Wednesday, July 4, 2012

Knife & Fork


According to the knife & fork website it “is a restaurant that minimizes its impact on the environment and maximizes its impact on local economy by sourcing nearly all ingredients and materials from extremely local growers and suppliers.

The menu offers only seasonal and sustainable dishes that reflect the traditions and culture of the mountains or North Carolina.”
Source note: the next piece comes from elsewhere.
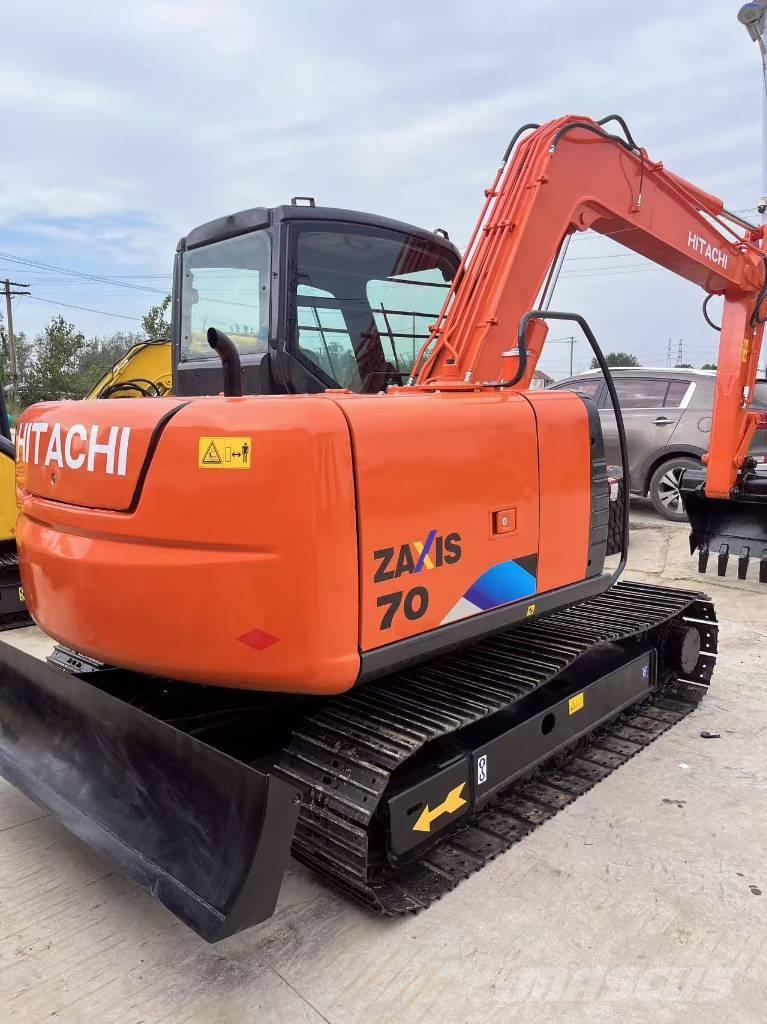 Hitachi ZX70 Beltegraver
The restaurant is run by a husband and wife team, Chef Nathan Allen and his spouse Wendy. They opened knife & fork restaurant in July of 2009 after both leaving careers in Los Angles. Chef Nate studied at Johnson & Wales University in Rhode Island. He was on the opening culinary team of the James Beard Award winning Chef, Suzanne Goin, in her restaurant AOC (achieving “Most Popular Restaurant” – Los Angles/Zagat 2005-2006). He followed that up by working as a chef to many elite patrons for about five years. Wendy worked as a restaurant manager at high profile restaurants learning the ins and outs of the administrative side of managing a dining room.
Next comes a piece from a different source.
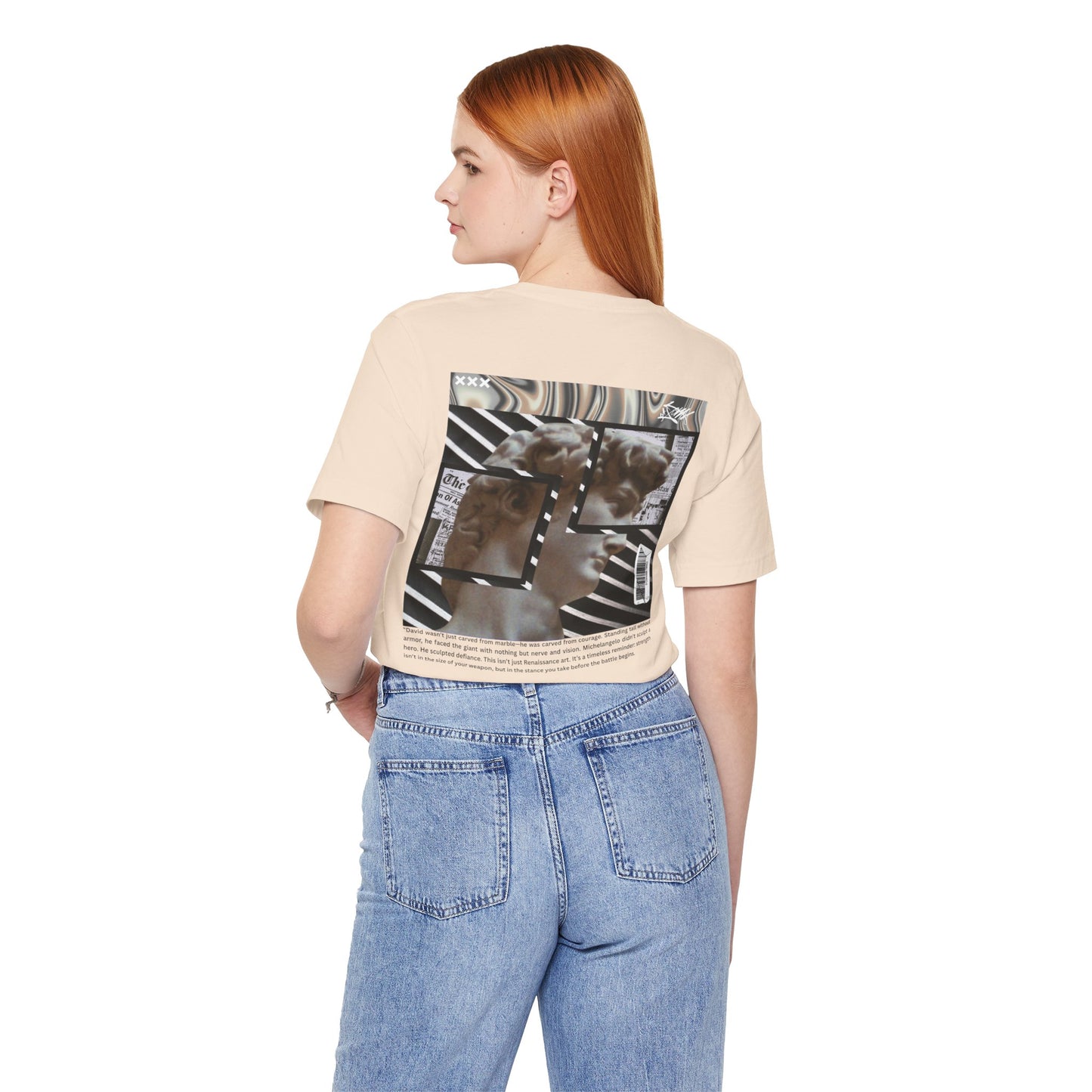 Artistic Graphic T-Shirt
Half of the dining room in knife & fork
Together they make an incredible team that covers all the bases. Both consistently refer to what they think the guest is looking for when they come to the restaurant. The guests don’t even have to come in the door to get a sense of a different style of restaurant. Wendy leaves several tables set without table cloth for those customers that feel more comfortable going without. Anticipating the guests’ needs and how they will dine doesn’t just happen. It comes with experience, knowledge, forethought and the willingness to work hard to make it happen for the guest. This team does it.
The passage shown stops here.